Cet espace est un outil d'information, de promotion et de partage dans le champ général de la santé en service. Elle concerne les aspects individuels et collectifs dans les domaines de la prévention, de la médecine professionnelle et d’aptitude, du soutien sanitaire. Elle assure une veille juridique, apporte des commentaires et diffuse les travaux et expériences des différents membres SSSM.

Fiche pratique

Recommandations en cas de suspicion d'alcoolisation aiguë

Objectifs :

Ces recommandations ne constituent pas une conduite à tenir mais une aide à la décision. Elles permettent d’anticiper, de réfléchir et de mettre en jeu son discernement et d’agir devant une situation toujours problématique.

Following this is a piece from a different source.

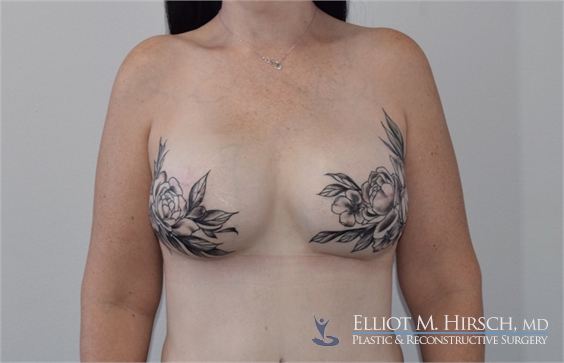 Two Stage Breast Reconstruction After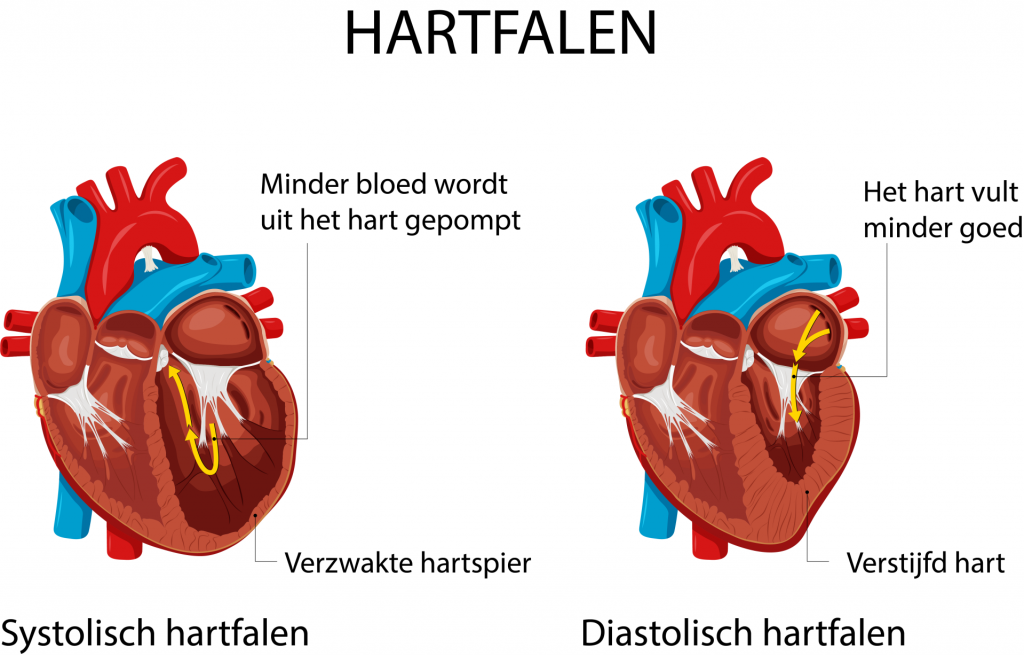 Diastolisch en Systolisch hartfalen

Les responsabilités et moyens d’actions du service de santé (moyens médicaux) et de l’échelon hiérarchique (moyens managériaux) rendent nécessaires une bonne coordination et complémentarité dans le respect des règles professionnelles de chacun, garante d’une efficacité accrue.

Contenu :

SIGNES D’EBRIETE

  • démarche ébrieuse (titube…)
  • troubles de l’élocution (bafouille…)
  • idéation lente (ne comprend rien…)
  • troubles de la vision (voit double…)
  • Trouble de la vigilance (somnolence…)
  • Haleine caractéristique (sent le vin…)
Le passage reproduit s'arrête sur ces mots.